NIPS 2017
Mon Dec 4th through Sat the 9th, 2017 at Long Beach Convention Center
Reviewer 1
The authors propose a new lower bound and an efficient method to evaluate the reliability of worker in crowdsourcing scenario. The proposed bound is stricter than the previous ones. The method can also be used in the streaming setting and do not need any EM step to reach the optimal bound as previous work did.

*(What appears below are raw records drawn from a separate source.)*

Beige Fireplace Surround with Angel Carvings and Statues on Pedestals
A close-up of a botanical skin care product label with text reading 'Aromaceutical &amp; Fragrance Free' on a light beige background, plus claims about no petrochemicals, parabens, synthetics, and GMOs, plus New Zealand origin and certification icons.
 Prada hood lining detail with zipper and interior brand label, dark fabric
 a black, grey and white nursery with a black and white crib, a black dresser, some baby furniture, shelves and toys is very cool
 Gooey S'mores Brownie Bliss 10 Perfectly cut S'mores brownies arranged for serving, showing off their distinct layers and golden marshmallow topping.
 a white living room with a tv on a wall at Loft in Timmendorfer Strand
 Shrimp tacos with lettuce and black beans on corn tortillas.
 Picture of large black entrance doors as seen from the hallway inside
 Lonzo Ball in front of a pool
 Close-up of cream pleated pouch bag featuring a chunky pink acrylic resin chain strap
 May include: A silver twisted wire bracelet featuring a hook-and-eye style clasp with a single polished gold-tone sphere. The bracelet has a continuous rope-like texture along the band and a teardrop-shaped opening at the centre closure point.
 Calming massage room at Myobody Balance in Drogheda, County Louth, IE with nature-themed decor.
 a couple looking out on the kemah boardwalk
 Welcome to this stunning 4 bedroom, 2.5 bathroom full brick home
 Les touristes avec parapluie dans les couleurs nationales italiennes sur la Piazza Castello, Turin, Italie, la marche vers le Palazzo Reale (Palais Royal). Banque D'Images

This paper proposes sound theoretical proof. It clearly points out the advantage comparing to the previous work. The paper conducted experiments on real and simulated datasets. The results do not show overwhelming out-performance (only better in some settings), which indicates certain room for improvement. Nevertheless, it is s solid paper that suggests an interesting research direction.
Reviewer 2
Summary of paper:
The authors derive a lower bound on estimating crowdsource worker reliability in labeling data. They then propose an algorithm to estimate this reliability and analyze the algorithm’s performance.
Summary of review:
This submission presents a solid piece of research that is well-grounded in both theory and application.
Detailed review:
—
Quality:
This paper is thorough. The lower bound and relevant proofs are outlined cleanly. The algorithm is presented in conjunction with time and memory complexity analysis, and the authors compare to related work nicely. Both simulated and real data sets are used; the simulated data have multiple settings and six sources of real-world data are used. The experiments do not demonstrate that the proposed algorithms outperforms all competing methods, but these results are refreshingly realistic and provide a compelling argument for the use of the proposed algorithm.
—
Clarity:
The paper is well-written; the problem and contributions are outlined clearly. The paper would benefit from more description regarding the intuitions of TE and perhaps a high-level summary paragraph in the numerical experiments section.
—
Originality:
The proposed algorithm is novel and the derived lower bound is tied nicely to the problem, bringing a rare balance of theory and application.
—
Significance:
While the problem addressed is very specific, it is important. The proposed algorithm does well—even if it doesn’t beat all others in every instance, it’s more consistent in its performance. This paper will be a solid contribution to the crowdsourcing literature, and could easily impact the use of crowdsourced labels as well.
Reviewer 3
The results presented in the paper seem correct. I did not find any flaws in the analysis. The empirical results seem good but not a big improvement over other methods. However the significance of the results presented escapes me, as I am not familiar with the literature or have any practical experience in crowdsourcing.